**WHAT THIS TASK INVOLVES**:
Lower down are entries containing pictures. Copy exactly, without those pictures, the lines from the line with "Myanmar Idol Season4" through the line with "Green Toys Cement Toy Truck".

[MATERIAL FOR THIS TASK Boundary: Start]

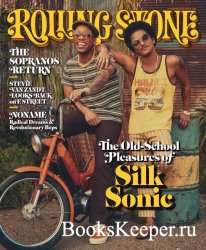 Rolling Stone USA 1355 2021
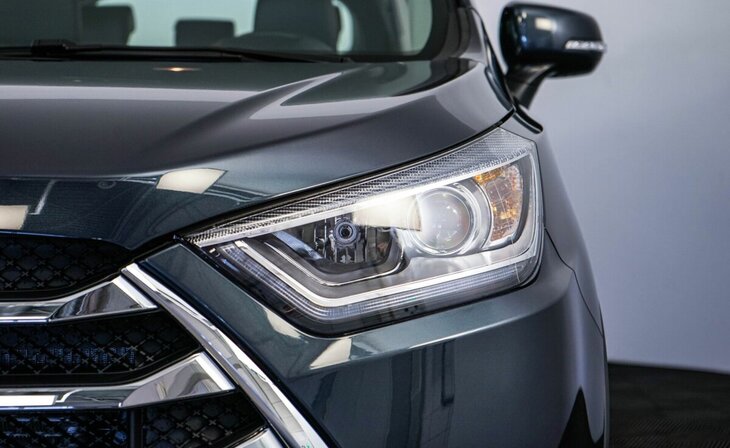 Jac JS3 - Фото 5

[MATERIAL FOR THIS TASK Boundary: End]
[MATERIAL FOR THIS TASK Boundary: Start]

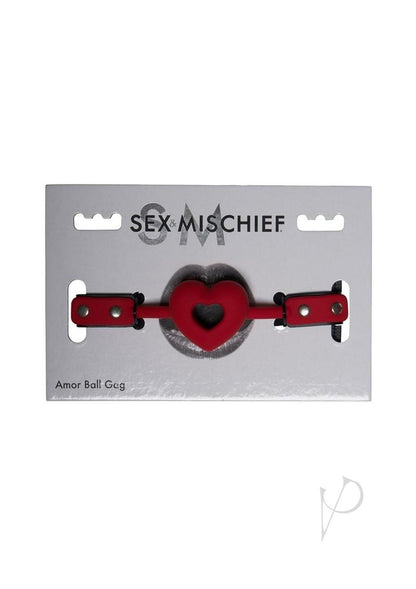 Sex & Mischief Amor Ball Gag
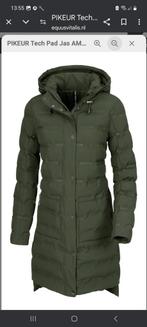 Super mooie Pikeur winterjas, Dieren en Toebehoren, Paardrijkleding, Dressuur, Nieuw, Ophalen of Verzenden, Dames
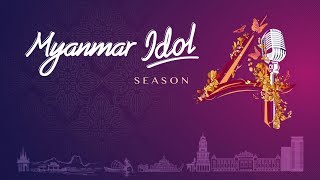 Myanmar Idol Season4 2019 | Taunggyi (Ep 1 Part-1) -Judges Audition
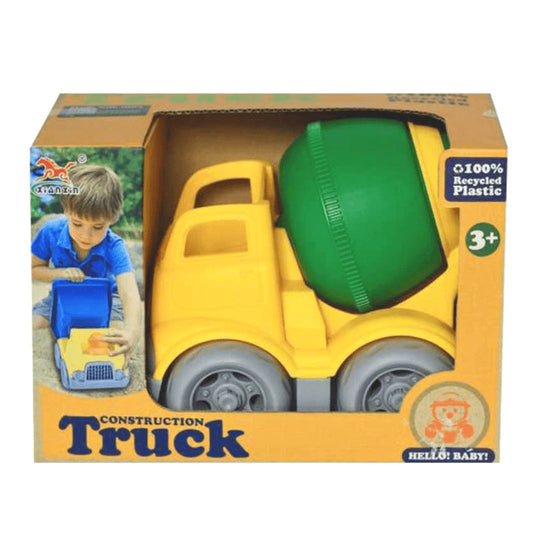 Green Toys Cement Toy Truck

[MATERIAL FOR THIS TASK Boundary: End]

**OUTPUT OF THE EXERCISE**:
 Myanmar Idol Season4 2019 | Taunggyi (Ep 1 Part-1) -Judges Audition
 Green Toys Cement Toy Truck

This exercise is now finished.